With the pictures left out, restate exactly the part below that opens with the line containing "Корпус для аккумуляторных" and closes with the line containing "Bild 2 av Renault".

======== INPUT DATA ========

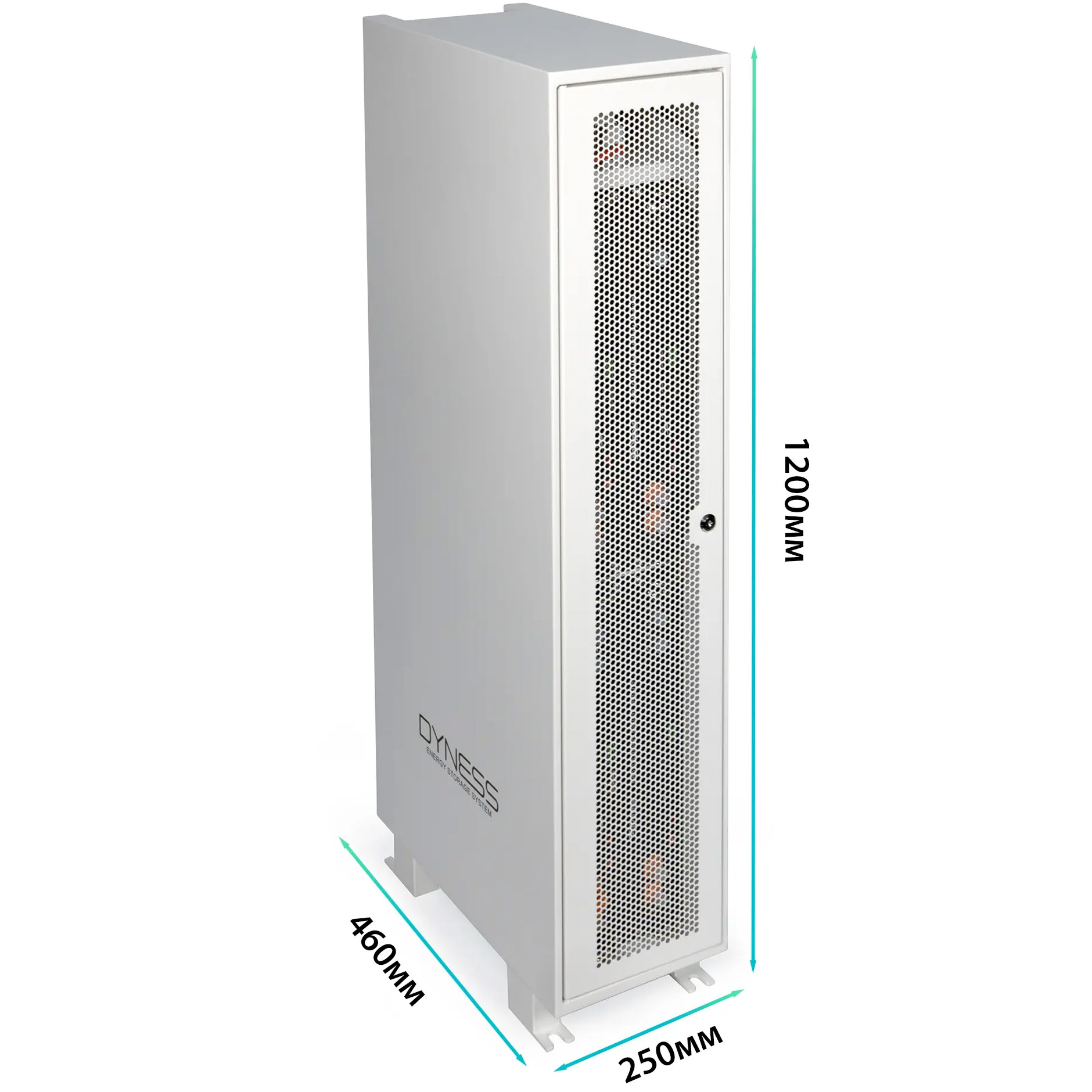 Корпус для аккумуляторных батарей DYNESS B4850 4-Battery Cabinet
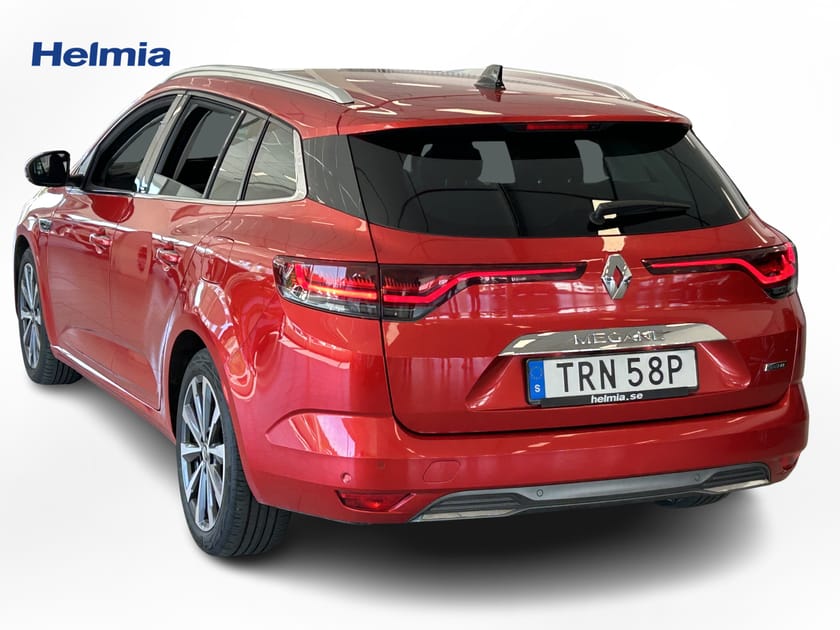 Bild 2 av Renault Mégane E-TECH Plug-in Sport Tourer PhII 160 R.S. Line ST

========
======== INPUT DATA ========

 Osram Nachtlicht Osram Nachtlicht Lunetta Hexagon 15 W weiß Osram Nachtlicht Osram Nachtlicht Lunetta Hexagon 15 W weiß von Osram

========
======== INPUT DATA ========

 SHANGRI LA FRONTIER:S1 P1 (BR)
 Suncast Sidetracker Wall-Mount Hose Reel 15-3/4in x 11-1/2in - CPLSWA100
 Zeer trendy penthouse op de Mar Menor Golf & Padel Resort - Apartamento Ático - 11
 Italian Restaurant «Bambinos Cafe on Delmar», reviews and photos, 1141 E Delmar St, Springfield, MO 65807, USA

========

- **ANSWER TO THE PROBLEM**:
 Корпус для аккумуляторных батарей DYNESS B4850 4-Battery Cabinet
 Bild 2 av Renault Mégane E-TECH Plug-in Sport Tourer PhII 160 R.S. Line ST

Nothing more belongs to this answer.